Monday, August 30, 2010

How to Embarrass Your Teenager


A couple of years ago my oldest daughter started middle school.

That was part of her transition from Sweet Little Girl to Evil Teenager. It’s a process, I’m sorry to report, that seems to have come to completion.

Anyways, before school began the administration sent out a letter saying that parents would be allowed to attend with their sixth graders on the first day.
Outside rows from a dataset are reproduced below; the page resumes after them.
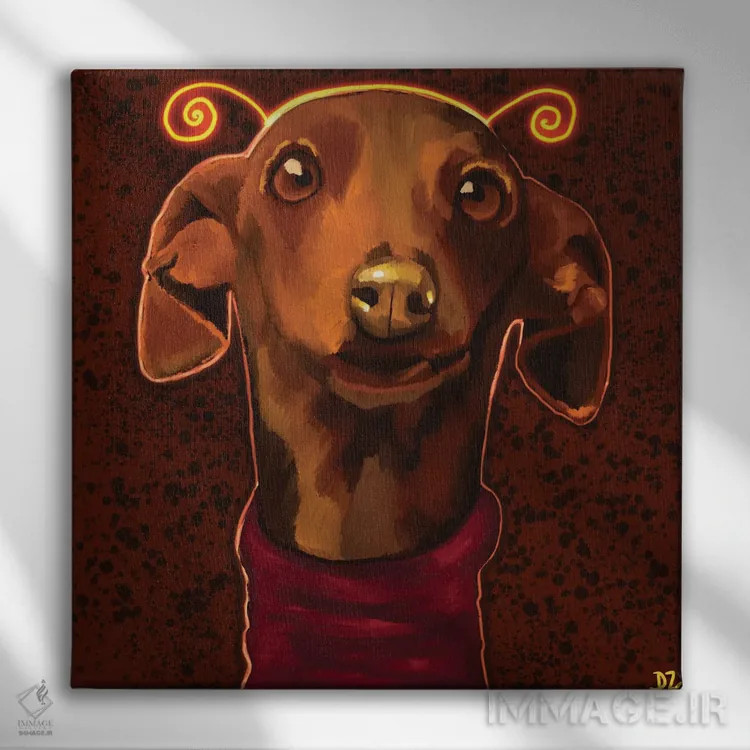 تابلو گریهوند (سگ تازی) اثر دائو زد - نمای روبهرو روی دیوار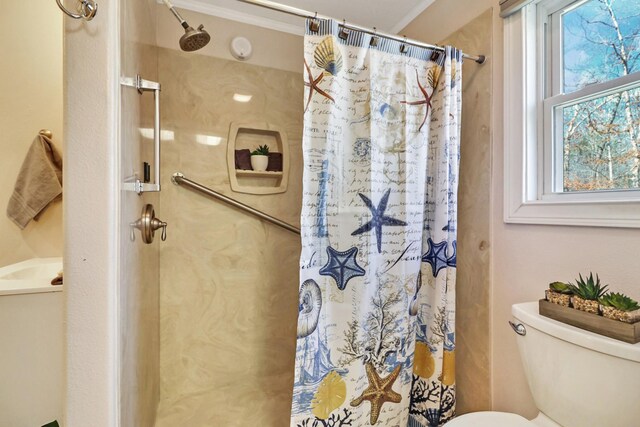 bathroom with toilet and a shower with curtain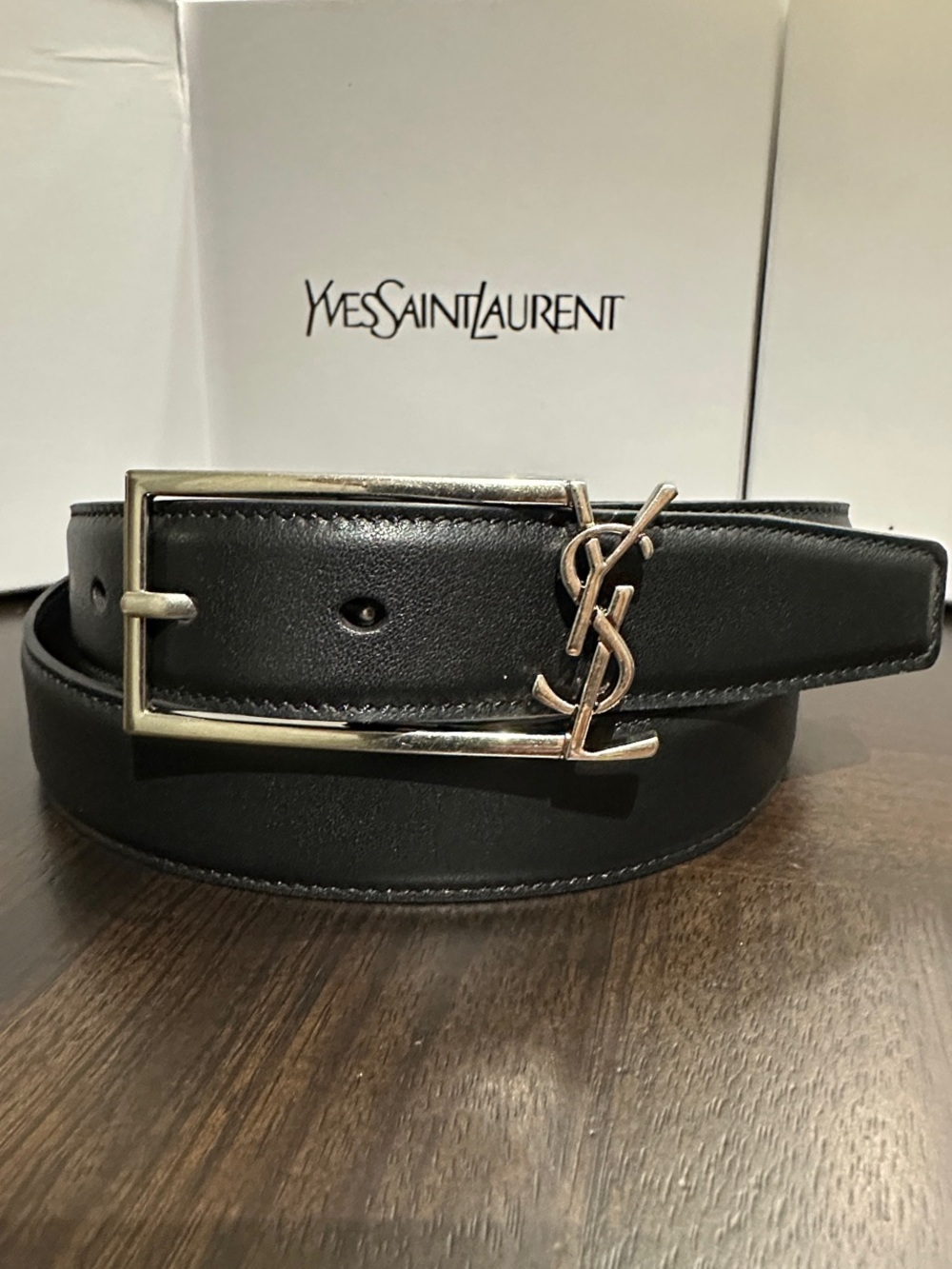 Yves Saint Laurent Black Leather Belt with Silver YSL Logo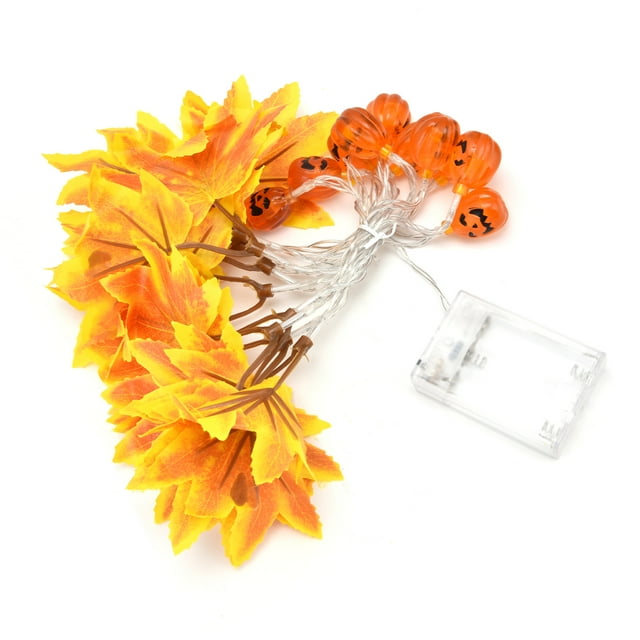Guirnalda de luces LED con hojas de arce amarillas y diseño de calabaza con 20 LED para Halloween.
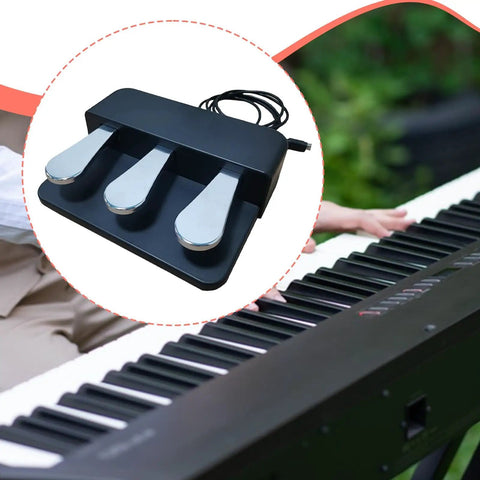 Three Pedal Sostenuto Sustain Pedal Board For MIDI Controllers And Digital Pianos, Silent Soft Action, Plug And Play Replacement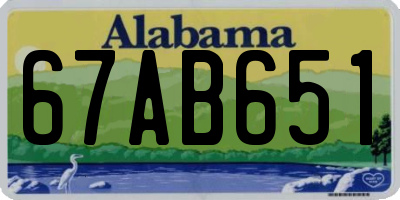 AL license plate 67AB651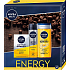 Nivea Men Active Energy voda po holení 100 ml + sprchový gel 250 ml + antiperspirant sprej 150 ml, kosmetická sada pro muže
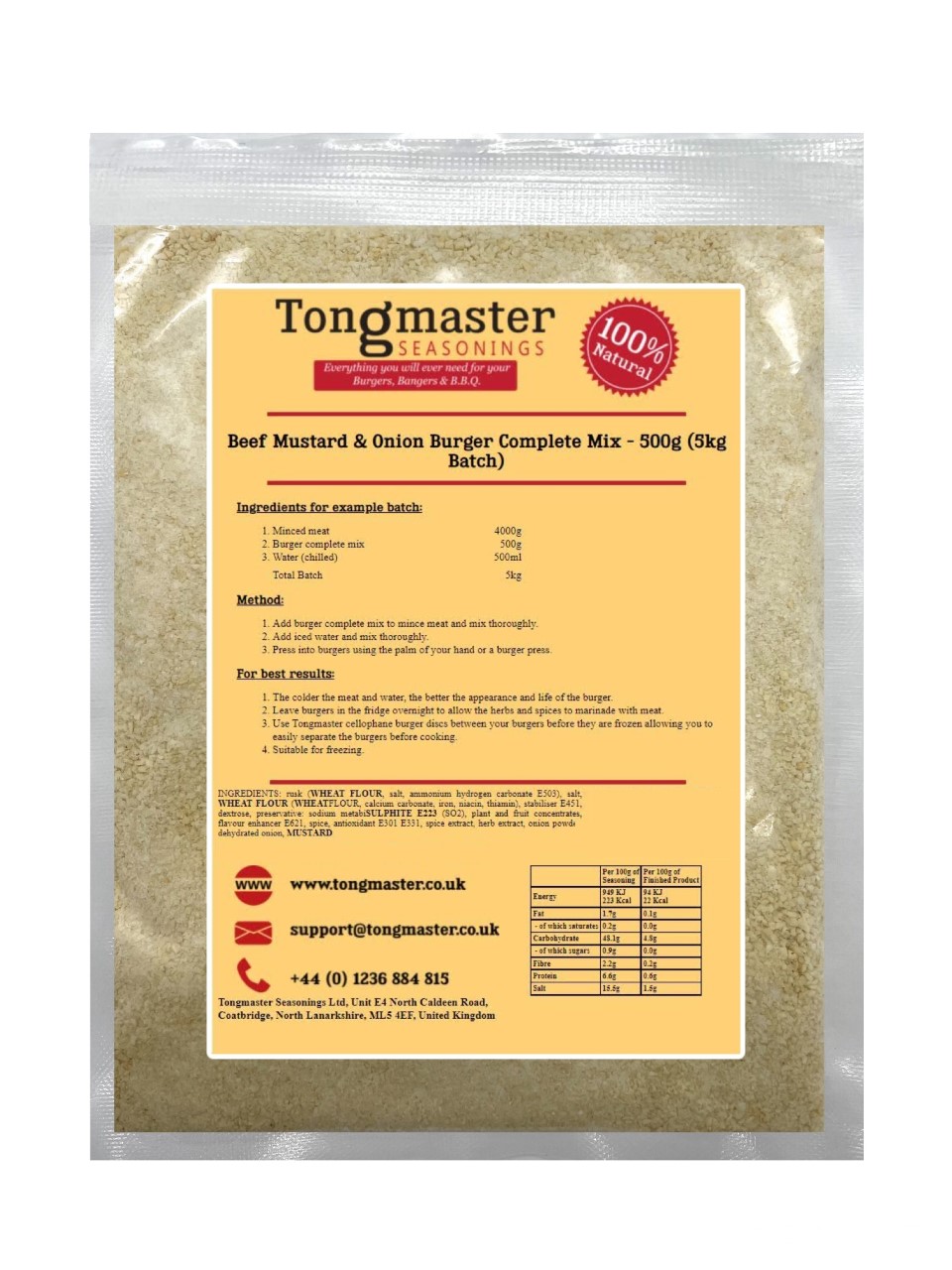 Beef Mustard & Onion Burger Complete Mix - 500g (5kg Batch)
The letter said that parents were “encouraged to share” this happy day with their children, and were invited to go from class to class with their student to help ease the transition into middle school, and reduce the stress of the first day.

As I have not forgotten the experience of being a middle-schooler myself, this letter caused me to laugh out loud.

When I was in sixth grade, I’m pretty sure nothing could have made my first day MORE stressful than having my MOM along!

So I decided to share the chuckle with my daughter, by reading her this letter aloud and pretending I might actually accept the school’s invitation.

As I was reading, her eyes got so huge I thought they might pop out of her head.

It was hysterical.

I let her mouth hang open in horror a few seconds before letting her know I wasn’t planning on going along with her to middle school.

I think her relieved sigh was heard for miles around.

It turned out that one or two clueless parents actually DID take the school up on this offer, however.

Sure stinks to be THAT kid!

Well, I am bringing this up because I just recently read a review of a new parenting book called “My Teenage Werewolf” by Lauren Kessler.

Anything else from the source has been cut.